## Your goal
Repeat the listing exactly. The images do not belong in the copy.

## Dataset section
☆ ☆ ☆
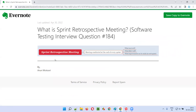So I hope you understood what exactly a sprint retrospective meeting is in this session. That's all for this session. In the next session, I'm going to answer another software testing interview question for you. Till then, see you. Bye-bye.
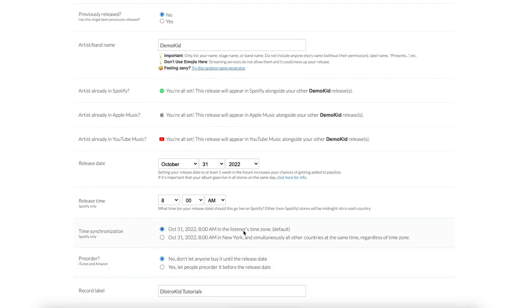You can also determine here whether iTunes and Amazon listeners can pre-order your track before it's set to go live, which is another way to build hype.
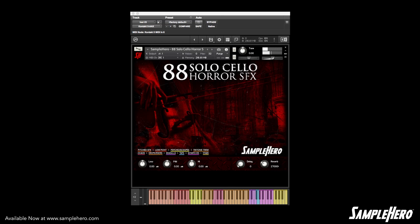And now maybe the crown jewel of this virtual instrument: the drops and the risers. These are really, really long samples and there's a ton of them. Go ahead and take a listen.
☆ ☆ ☆
## Task solution
So I hope you understood what exactly a sprint retrospective meeting is in this session. That's all for this session. In the next session, I'm going to answer another software testing interview question for you. Till then, see you. Bye-bye.
You can also determine here whether iTunes and Amazon listeners can pre-order your track before it's set to go live, which is another way to build hype.
And now maybe the crown jewel of this virtual instrument: the drops and the risers. These are really, really long samples and there's a ton of them. Go ahead and take a listen.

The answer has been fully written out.